Sensing, Understanding, and Shaping Human Behavior

Speaker
Dr Vivek K. Singh,
Assistant Professor,
School of Communication and Information,
Rutgers, The State University of New Jersey

Visiting Professor,
Media Lab,
Massachusetts Institute of Technology

Chaired by
Dr Mohan KANKANHALLI, Provost's Chair Professor, School of Computing
mohan@comp.nus.edu.sg

26 Jul 2016 Tuesday, 10:30 AM to 12:00 PM

MR6, AS6-05-10

Today there are more than a trillion data points observing human behavior. This allows us to understand real-world social behavior at scales and resolution not possible before and at the same time brings up critical privacy challenges. This talk discusses multiple insights obtained at understanding social behavior based on multimodal interaction data (calls, bluetooth, sms, surveys) coming from a community of users. For example, they show the feasibility of automatically detecting "trusted" ties in social networks, which in turn can be critical for causing behavior change in health and wellness settings. Conversely, paying specific attention to the privacy aspect of such data, I will discuss a novel approach to measuring privacy, and also how users can be encouraged to alter their privacy behavior in social settings.

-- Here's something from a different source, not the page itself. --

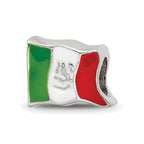 Sterling Silver Reflections Enameled Mexico Flag Bead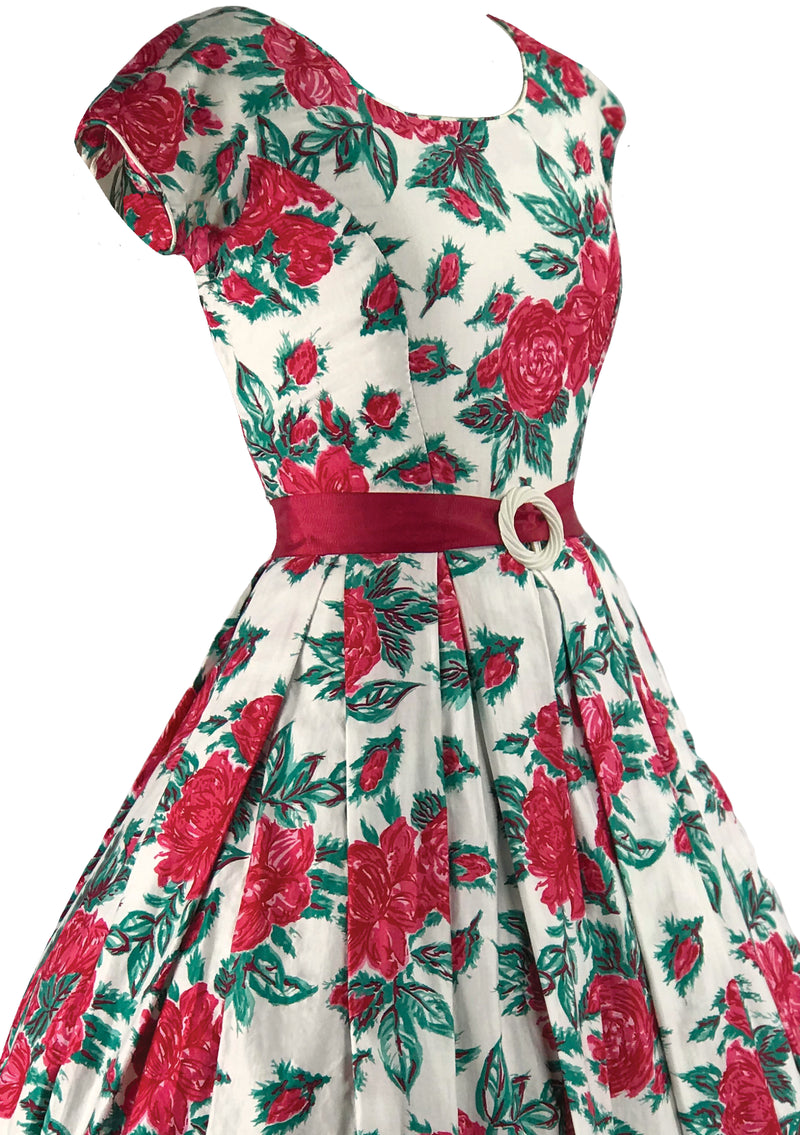 Vibrant 1950s Red Rose Print Cotton Dress- New!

Dr. Vivek Singh is an Assistant Professor in the School of Communication and Information at Rutgers University. Before joining Rutgers, he was a post-doctoral researcher the MIT Media Lab. He holds a Ph.D. in Information and Computer Science from the University of California, Irvine. He obtained his bachelors and masters degrees in Computer Science from the National University of Singapore. His work has been published in multiple leading scientific venues (Science, Proceedings of the IEEE), has received significant media coverage (BBC, New York Times, Wall Street Journal). He was selected as one of the 'Emerging Leaders in Multimedia Research' by IBM Research Labs in 2009, and he won the 2013 'Big Data for Social Good' datathon organized by Telefonica, the Open Data Institute and the MIT. Dr Singh's research is supported by the US National Science Foundation and Google Research.